Some Assembly Required

The head is affixed to the haft three ways. First is pressure: I left enough meat on the handle so the head had to be forced on.  Second, I use the same two-part epoxy that I use to affix knife handles. Last, I drill completely through the assembled and epoxied head section and epoxy in a copper pin, the pin is then peened on both sides so it is thicker on the ends than it is in the middle. Peening also somewhat thickens the pin in the middle so it expands to fit tightly in the hole. The top of the handle was then ground off so it’s flush with the top of the head.


The modest club is the direct ancestor of the mace, morning star, and flail. We’ll be covering the mace and morning star in the near future. I probably won’t make a flail because they are exceedingly dangerous and difficult to handle safely—but we’ll see…

Let’s Talk About It

I’m really having fun making these for a couple of reasons. They’re quick to make and don’t require expensive materials or consume expensive resources. As a result of this, they allow me to offer them relatively inexpensively. In the near future, we can look forward to a contest featuring a steel shod war club—warm up your keyboards.

My favorite part of writing Real Steel is the discussion that follows. I’d like to see some links to various types of war clubs. There are lots of examples out there—let’s show and tell.

9 thoughts on “Real Steel: War Club”

  1. OK Discussion time:

    1) Did you test it on a melon?

    2) My first impression was that it needed spikes, but on some reflection the actual question is how hard it is to be accurate with the club. A 4 inch metal section doesn’t allow all that much room for error – wood would probably not have the same amount of impact as the metal part in case of a miss.

    3) I think my favorite club was the one carried by the chief in the movie: last of the mohicans, thing looked nasty.

  2. @Darkjoy –

    1) Not yet, but there will be some smashing video soon.


    2) If it had spikes it would be a morning star. It’s fairly light and accurate, but you’re right, the sweet spot is small – but you can make up for it with fast multiple attacks.

    3) I like that one also – a gunstock spontoon ‘hawk. Nasty weapon indeed.

    @Sean Holland – It only weighs about 1.25 Lbs. Pretty light – compares well with a short sword. Compared to some of the Polynesian tropical wood clubs I’ve seen this one is a baby.

  3. Pretty.

    It like a trunceon, with a backbone. Not my first choice of weapon as a hardened adventurer. But it won’t bet me run through by the Watch when I carry it around town, either.

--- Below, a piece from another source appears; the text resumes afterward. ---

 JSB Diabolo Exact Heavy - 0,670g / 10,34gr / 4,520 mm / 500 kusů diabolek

  4. Can I ask you something? Did you see the war club used by Crazy Horse in the latest episode of “Deadliest Warrior” and what do you think about it? Was Crazy Horse ripped-off, somehow?

  5. @Dmitri – I watched it last night. That’s a true stone age war club – it made for an interesting mix of technology that Crazy Horse used. The thin wood/rawhide shaft provides a nice whip effect, but the point of impact is the size of a dime – overall I think it’s not very effective.

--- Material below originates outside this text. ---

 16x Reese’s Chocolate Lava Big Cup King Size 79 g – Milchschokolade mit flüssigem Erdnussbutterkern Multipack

    Season one and two I felt like someone got ripped off pretty often, but less so in season three. The bottom line, though, is that although software makes the call, people input the data, so there’s always a subjective element. As long as that’s the case, there is the potential to cry foul.

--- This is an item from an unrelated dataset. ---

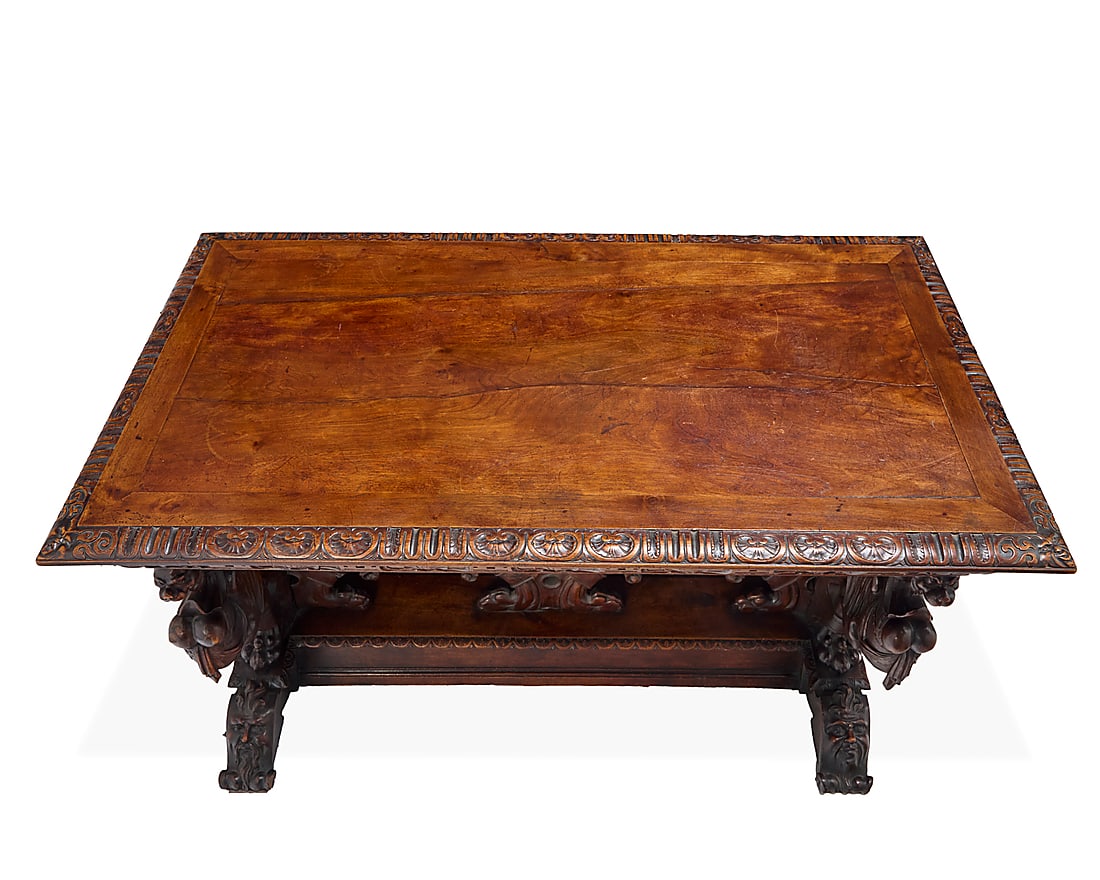 A Renaissance style carved walnut library table - 6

    There’s a dilemma whenever Native Americans participate: these were stone age cultures, and if made to stick with that technology, they would almost certainly lose every time. HOWEVER, they were tactical geniuses, able to adapt, learn, and take their enemy’s technology and turn it against them. Finding a balanced, realistic way to make this work is understandably problematic, but I think the producers have done a good job of doing that.

    I think we need to just keep in mind that the show is supposed to be fun. So just enjoy it.